Search code examples
hadoopmapreduceudpapache-storm

UDP data stream handling with MapReduce


I have a problem using real time UDP stream processing with the map reduce system. Actually I am doing a university project and I want to use mapreduce to process this data. UDP stream is about ship data from several AIS devices.

As far as I am aware, Apache Storm will be the solution for that. But I dont know that I can incorporate mapreduce to the Storm . I want to incorporate mapreduce concepts and ultimately I want to learn it.

Also I want to have some advice about the system architecture, the normal procedure is this,

UDP stream received by the system decode the stream real time analytic should be shown stored for future data retrial purposes.

so can anyone suggest what is the best way to do this? can Apache Storm do this?


Solution

  • I'll answer the easy question first: Yes, Apache Storm can do what you want it to do.

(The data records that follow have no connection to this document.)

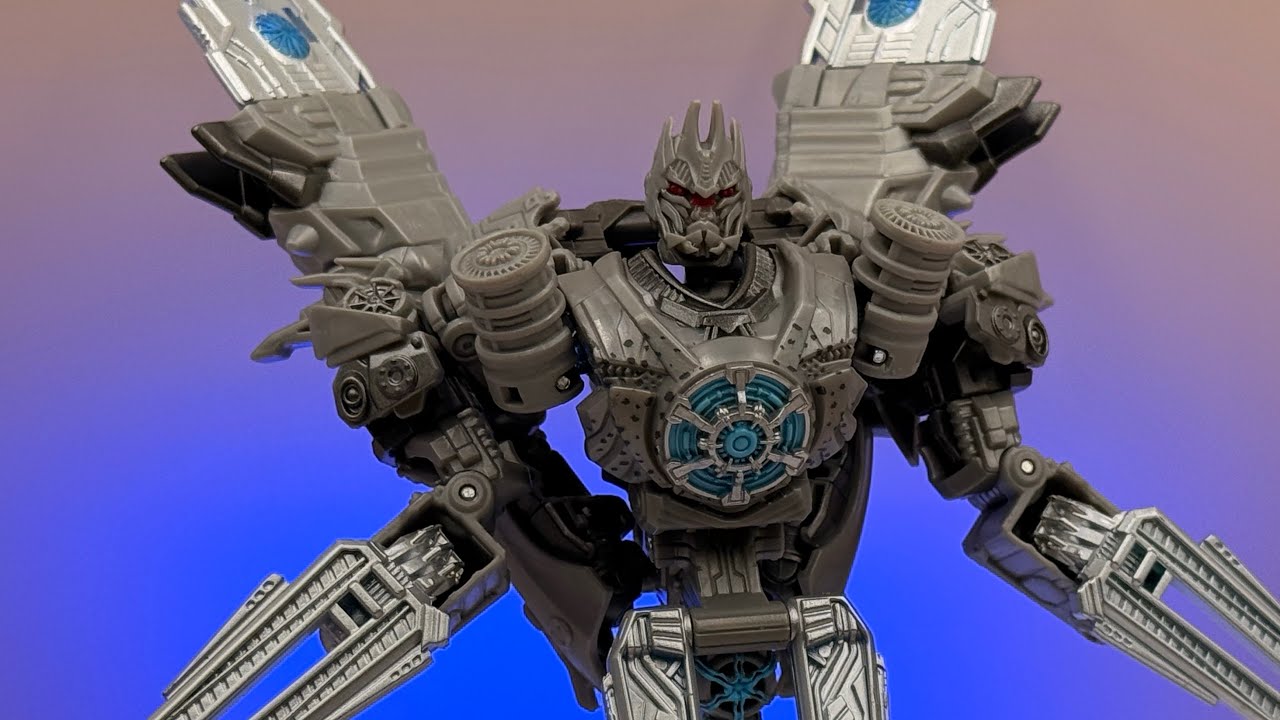 Transformers: Studio Series Bayverse Soundwave (from Revenge of the Fallen) 
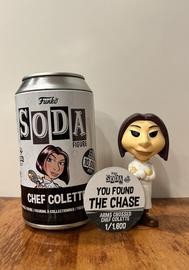 Chef Colette (Disney Ratatouille) (Chase)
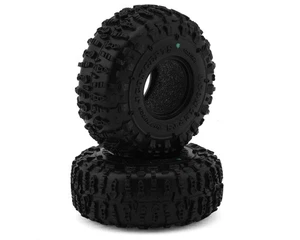 JConcepts Ruptures 1.0" Micro Crawler Tires (63mm OD) (2) (Green) - Picture 1 of 2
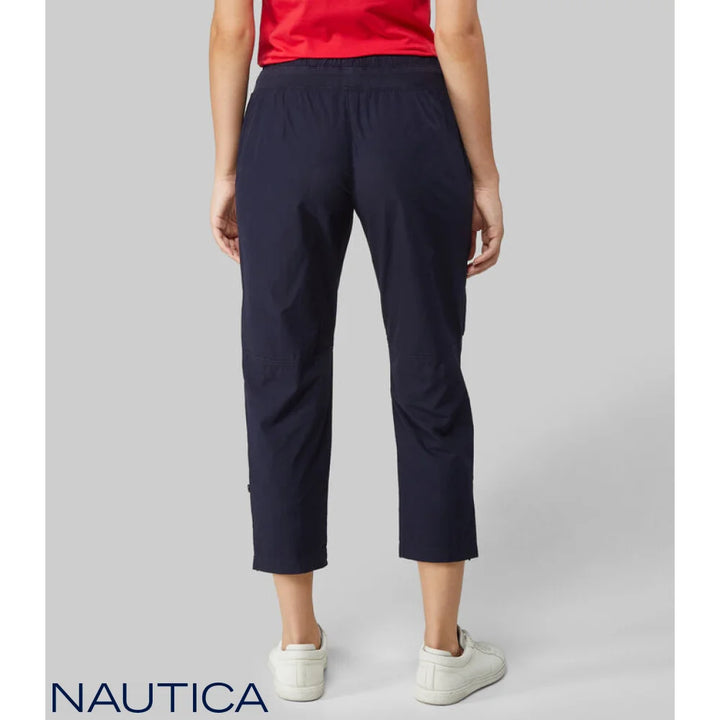 Pantalón Nautica Mujer Short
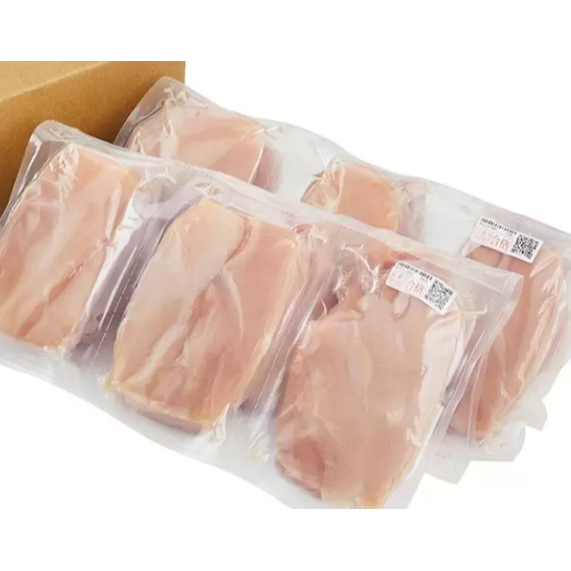 【小資族最愛】 好市多COSTCO代購 大成 雞清胸肉 清雞胸肉 雞胸 生雞胸肉 舒肥 真空包裝 雞肉-細節圖2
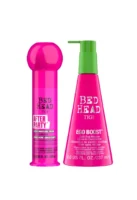 After Party 100ml + Ego Boost 237ml Anti Frizz y Reparación TIGI Bed Head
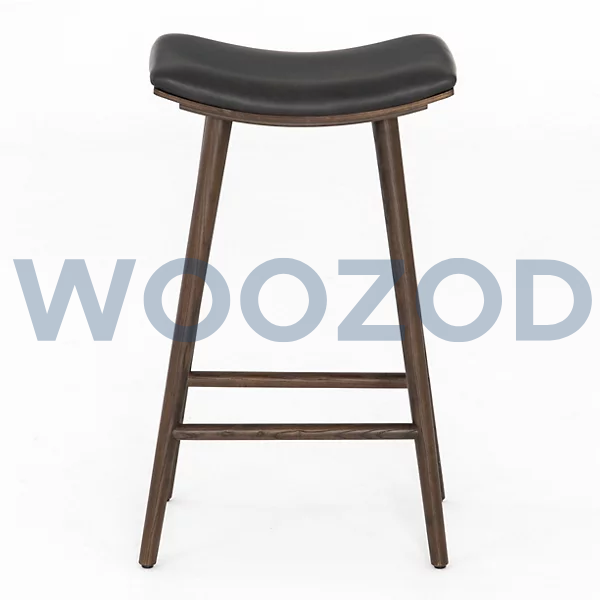 Woozod Union Saddle Stool - Image 7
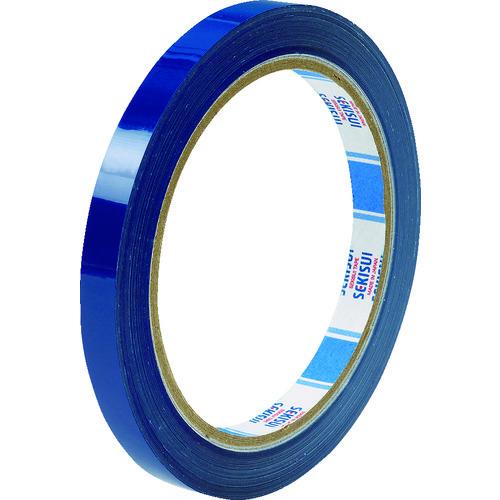 積水 バッグシーラーテープHタイプ 青 9×50 P802A01 | 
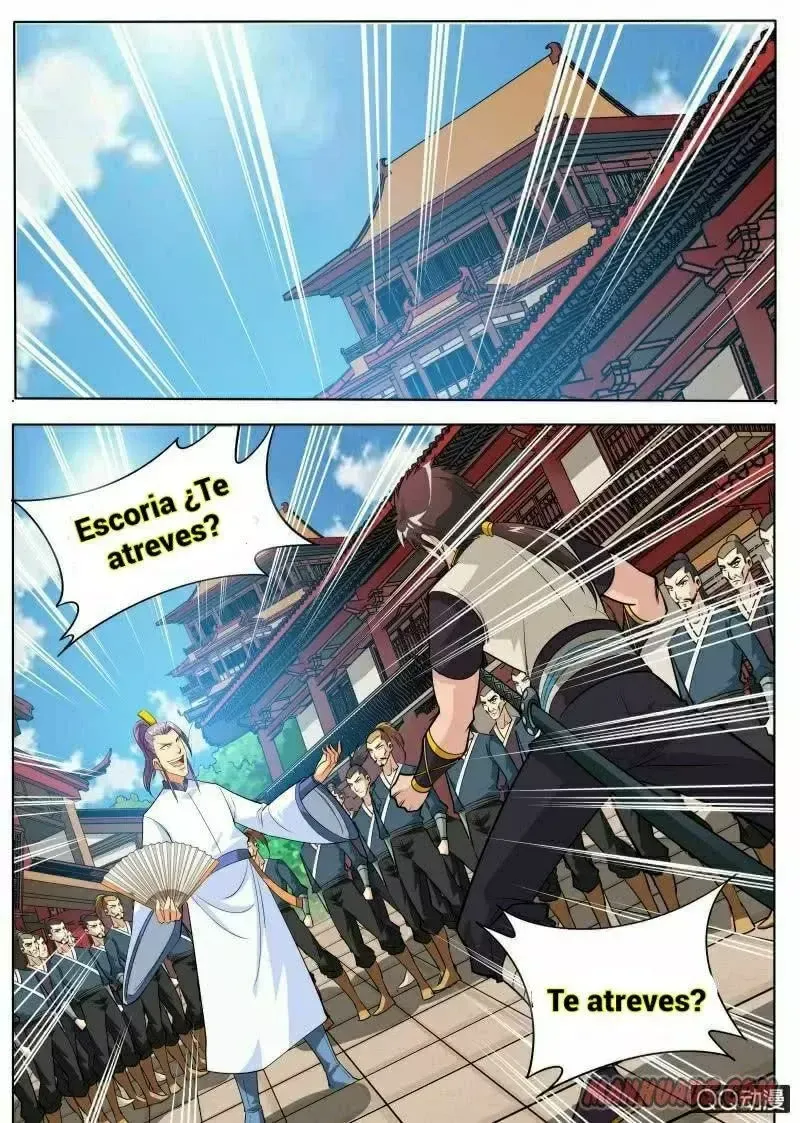 Greatest Sword Immortal Capítulo 58 en Línea - página 21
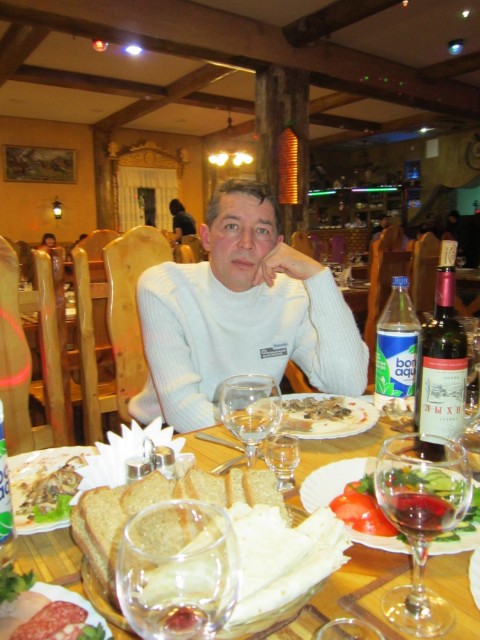 СЕРГЕЙ КОЛЕСНИКОВ, Россия, БУГУЛЬМА, 53 года. Хочу познакомиться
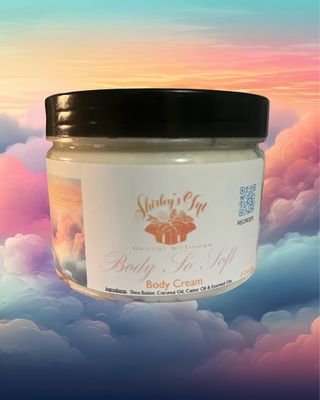 Body Soft (Healing Cream)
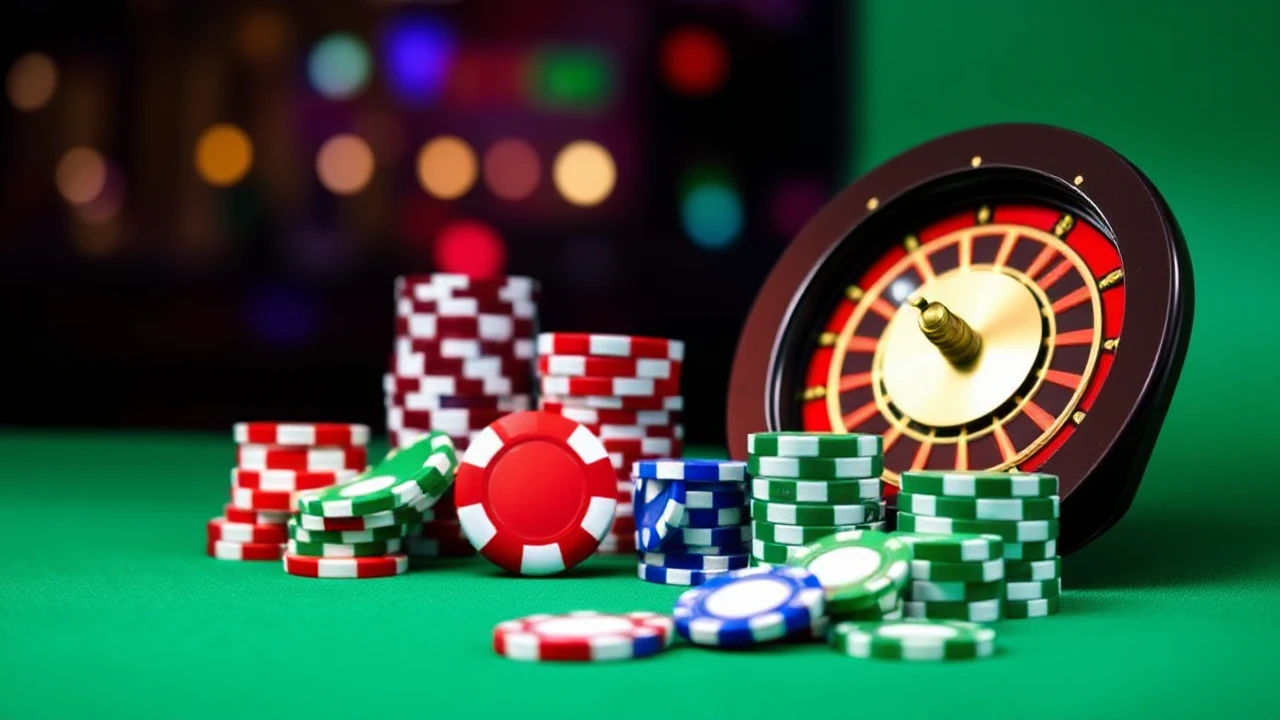 Unpacking the Statistics Behind Gaming House Betting Strategies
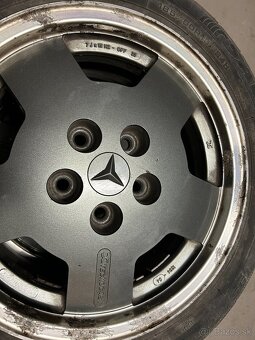 TecnoCast 7Jx15 H2 ET35 – 5x112 - 3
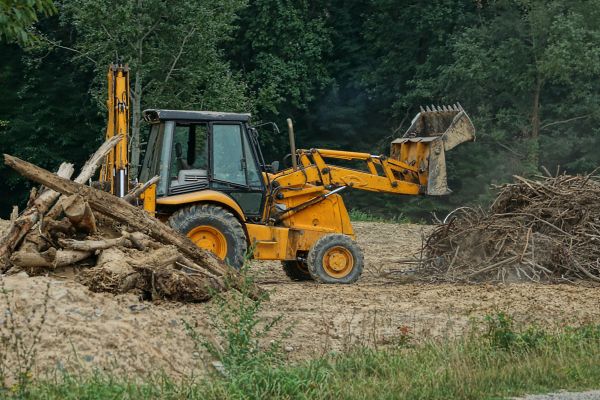 Cost of Land Clearance Service in Layton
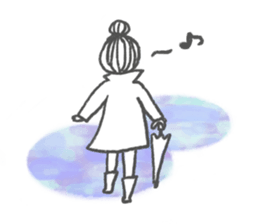 Les Parisiennes sticker #7439586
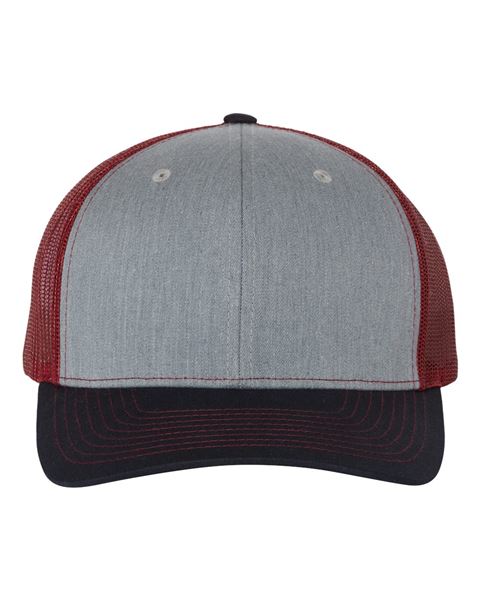 Richardson 112 Cap Trucker Snapback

    That said, any of other 'big data' streaming tools can do this data processing as well. These tools include Storm, but also Spark and Samza.

    If I were building this myself, I'd push the streaming data into a messaging queue, probably Kafka, then use Storm to pull individual messages out and process them. You can then store the result however you want. That could be onto disk, back into Kafka, or whatever makes sense in your case.

    Finally, it doesn't seem that mapreduce is a good fit to your problem. Mapreduce is for batch processing, which isn't what you are describing as your problem.